EXERCISE PROMPT —
Locate "Hi-Lo sleeveless dress w/ elastic waist band" in the data below, then output the line it is on and all following lines through the last, word for word. Skip any pictures.
━━━━━━━━━━
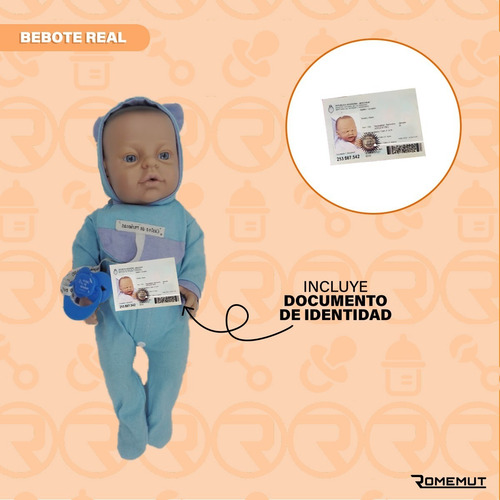 Bebote Reborn Real Con Chupete Body Osito Y Babero Plastisol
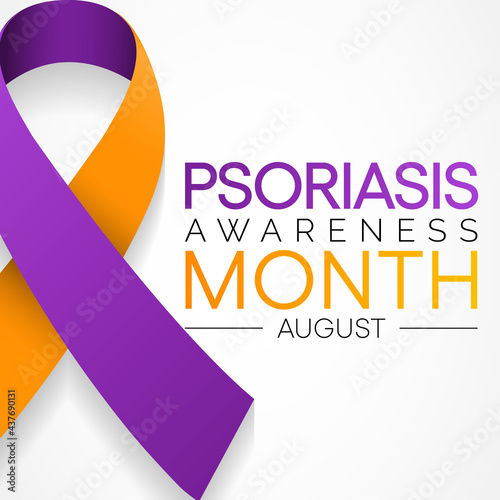 Psoriasis awareness month is observed every year in August, it is a skin condition that causes red, flaky, crusty patches of skin covered with silvery scales. Vector illustration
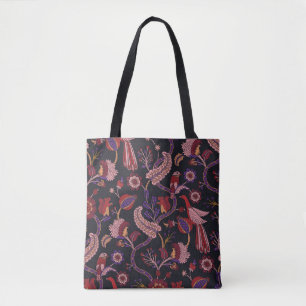 Naadloos patroon met fantasiebloemen, natuurlijke  tote bag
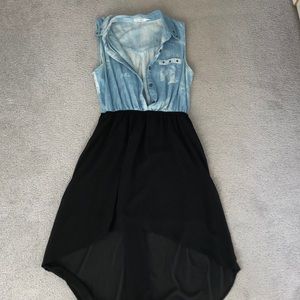 Hi-Lo sleeveless dress w/ elastic waist band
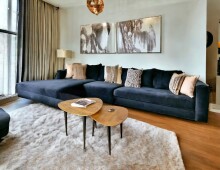 Couchtisch >52941< in akazie, schwarz, Massivholz, Metall - 55x46x55 (BxHxT)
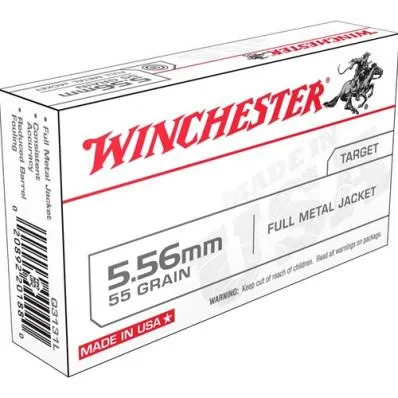 Winchester USA White Box Brass 5.56 NATO 55-Grain 1000 Rds per Case FMJ Bulk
━━━━━━━━━━
YOUR RESPONSE —
 Hi-Lo sleeveless dress w/ elastic waist band
 Couchtisch >52941< in akazie, schwarz, Massivholz, Metall - 55x46x55 (BxHxT)
 Winchester USA White Box Brass 5.56 NATO 55-Grain 1000 Rds per Case FMJ Bulk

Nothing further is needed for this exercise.